“GSW/HEAD POSS DOA/NOT BREATHING” read the notes on the screen of the MDT.
I can literally see the adrenelin coursing through my partner’s veins, and I can literally hear his heart rate increase to a sinus tachycardia with frequent PACs. He has obviously never run a shooting before, and I think I can smell the wet ink on his EMT card.
“YES!!!!” he yells in a voice that is all too loud for the front seat of a small ambulance, as he slams the gear shift into drive.
Somehow we manage to make it to the front of the neighborhood in one piece, minus a little bit of rubber from the rear tires. Now we are staging.
10 minutes after we begin staging, the county dispatcher contacts the engine crew. “Engine 22, PD hasn’t advised the scene is clear, but they advise obvious DOA, and have requested a crime scene investigator. Will advise when scene is safe to enter.”
“Medic 7, County” I call. “Medic Seven.” “County, cancel 22, I believe we can handle.”
Engine 22 pulls away from the scene, into the rising sun.
After being cleared for entry by the county dispatcher, we make our way into the house.
“Upstairs, third door on the left, make sure not to mess anything up, CCC.” says the PD Lieutenant who has known me for years.
“I never do, Lou.”
If it weren’t for gravity, I swear this kid next to me would be bouncing off the walls and the ceiling.
A cursory glance at the patient from the doorway confirms what everyone else already knows, the voice of EMS simply being a required formality in this jurisdiction.
Partner’s eyes are big enough to eat dinner from. I have a feeling mine reveal different emotions.

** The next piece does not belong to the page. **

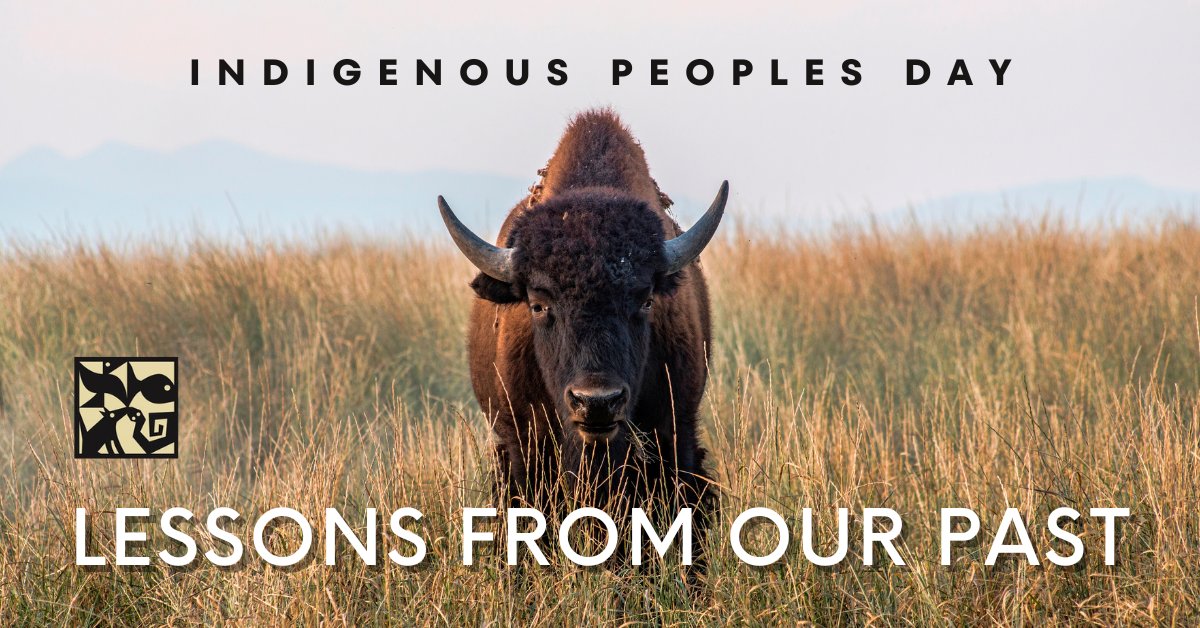 Turner Endangered Species Fund tweet media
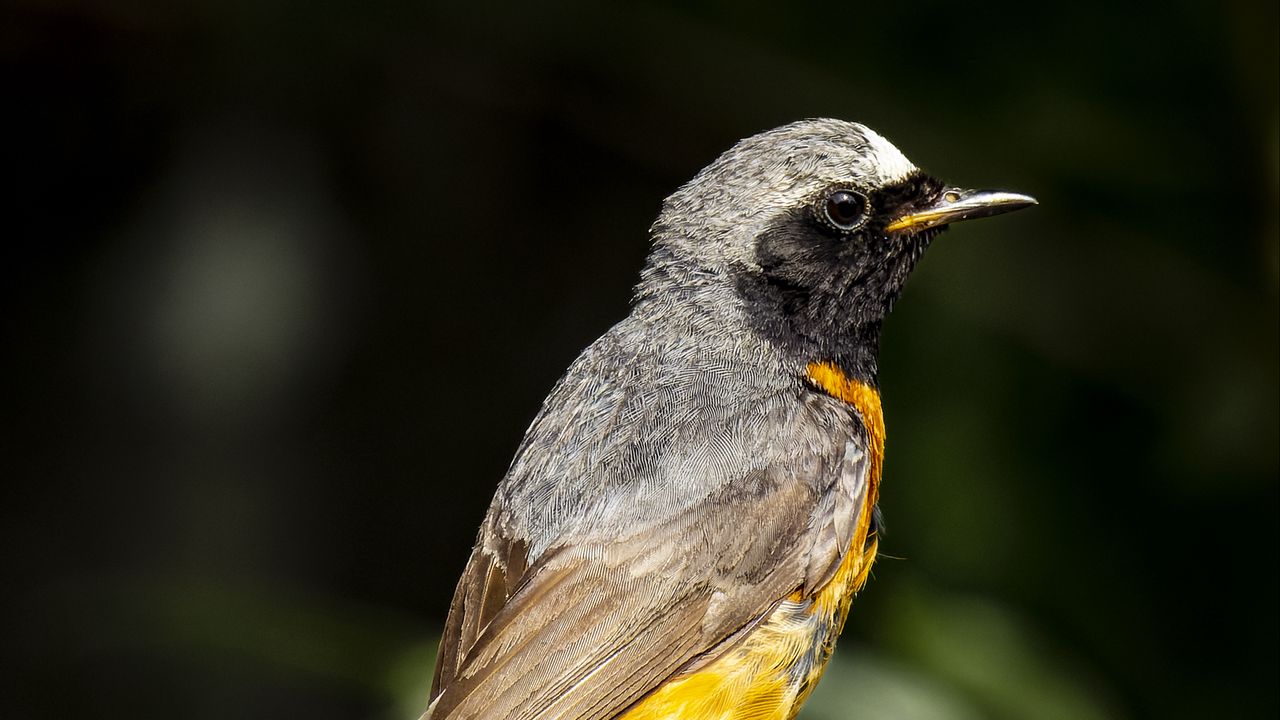 Wallpaper redstart, bird, wildlife, stone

We make our way back to the front of the well kept, middle-class home, my partner heading towards the ambulance, not to be seen for a few minutes. I gravitate towards the gathered police and family members down stairs.
I learn the man upstairs is a husband of 30 years, and a father of 4. He was to become a grandfather in several months. He worked as an architect for a firm building high rise buildings in the big city, and has battled depression for most of his adult life.
His wife is remarkably stoic, but appears empty inside. As if the weight of the situation has not fully set in. His high-school aged son, now the man of the house, is remarkably composed, as I hear him talking on his phone in the kitchen, canceling some events that were previously planned for this evening. “I can’t make it, bro. I’ll call you later, okay?”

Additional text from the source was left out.